Programmers are rapidly adopting expressive, dynamically typed, higher-order functional programming languages for their everyday development tasks. Over time, these programs are often fortified with static type checking by migrating programs using gradual types, a technique now widely used by the largest industrial software development companies. Unfortunately, there are limits both to what properties gradual types can validate and the help they can provide programs as they engage in the migration process. In parallel, researchers have developed sophisticated next generation programming languages with integrated verification features. These languages are able to validate much stronger claims about the correctness of software, but their industrial adoption has lagged far behind gradual typing. Consequently, verification is not being integrated in the everyday lives of programmers and the quality and reliability of software suffers because of it. This represents a tremendous missed opportunity considering the rapid advancement of automated verification techniques.
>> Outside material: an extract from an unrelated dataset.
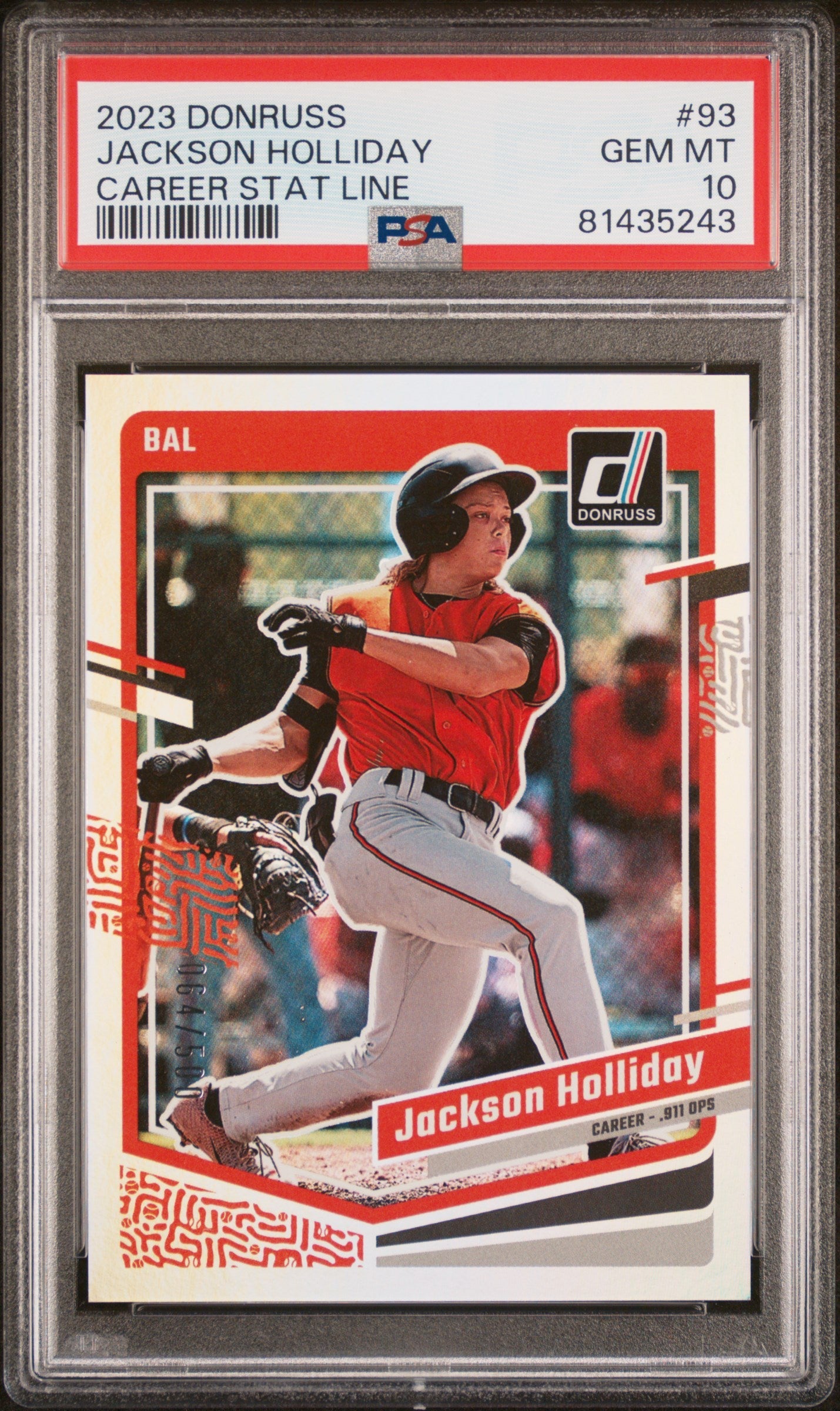 Graded 2023 Panini Donruss Jackson Holliday #93 Career Stat Line Rookie RC Baseball Card PSA 10 Gem Mint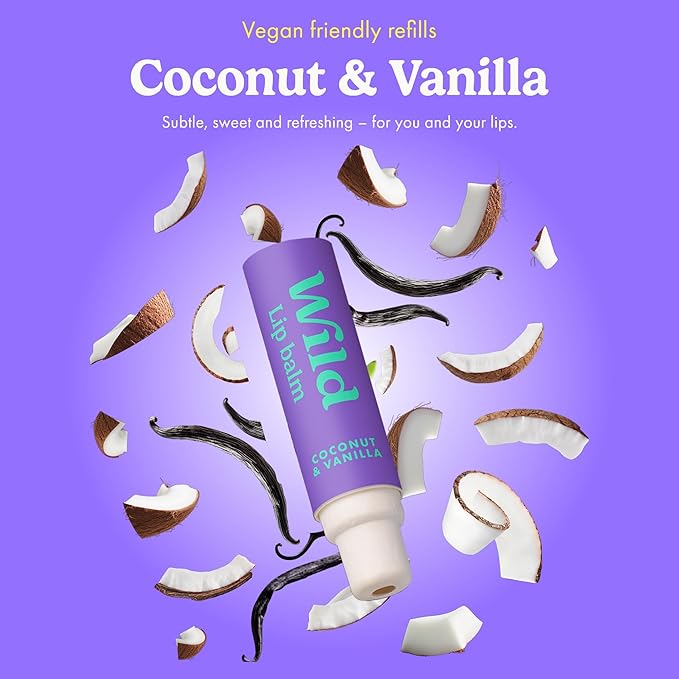 Wild Refillable Lip Balm Starter Kit - Includes Black Aluminum Case & 3 Pack Lip Balm Refills in a Variety of Scents - Includes Passionfruit Swirl, Original and Coconut & Vanilla Scents-VivaGrace Women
In this talk, I will give an overview of my group’s recent efforts to close the expressivity gap between commonplace scripting languages and rarefied verification-integrated languages, enabling pathways to verified programming at every point along the spectrum from scripting languages to theorem proving languages.

Author Bio

David Van Horn is an Associate Professor in the Department of Computer Science and the Institute for Advanced Computer Studies (UMIACS) at the University of Maryland, College Park. His research interests are in programming languages and formal methods, where he works toward making the construction of reusable, trusted software components possible and effective. He publishes regularly in the flagship SIGPLAN conferences, POPL, PLDI, OOPSLA, and ICFP, and his work has been recognized with a NSF CAREER Award, a CRA Computing Innovation Fellowship, a Communications of the ACM Research Highlight, an OOPSLA Distinguished Paper Award, and an ICFP Most Influential Paper Award. He is the co-author of “Realm of Racket,” an illustrated book on programming video games, written and illustrated with eight undergraduate students. He is committed to broadening participation in computer science and is currently serving on the Steering Committee of the ACM SIGPLAN Programming Languages Mentoring Workshop and the faculty mentor for Technica, the world’s largest all-women and non-binary hackathon.